LAS VEGAS, NEVADA – A desert city built on a reputation for excess and indulgence wants to become a model for restraint and conservation with a first-in-the-nation policy banning grass that nobody walks on.
Las Vegas-area water officials have spent two decades trying to get people to replace thirsty greenery with desert plants, and now they’re asking the Nevada Legislature to outlaw roughly 40% of the turf that’s left.
The Southern Nevada Water Authority estimates there are almost 8 square miles (21 square kilometers) of “nonfunctional turf” in the metro area — grass that no one ever walks on or otherwise uses in street medians, housing developments and office parks.
They say this ornamental grass requires four times as much water as drought-tolerant landscaping like cactus and other succulents.

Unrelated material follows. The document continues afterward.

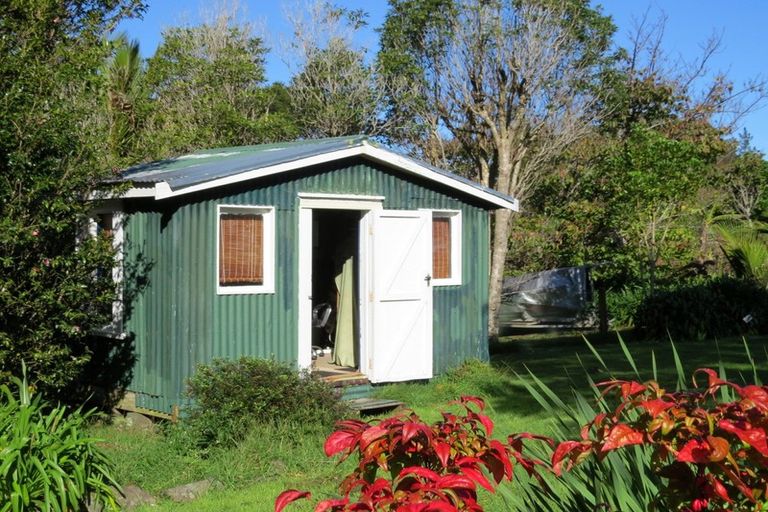 Photo of property in 30 Colville Road, Coromandel, 3506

By ripping it out, they estimate the region can reduce annual water consumption by roughly 15% and save about 14 gallons (53 liters) per person per day.
Las Vegas might be known for splashy displays like the Bellagio fountains on the neon-lit Strip, but officials say residents of bedroom communities and sprawling suburbs embrace conservation measures, including aggressive monitoring of sprinklers and leaky irrigation systems.
“The public perception outside of Las Vegas is certainly much different — and has been for a long time — than the water conservation ethic within the community,” said Colby Pellegrino, Southern Nevada Water Authority water resources director.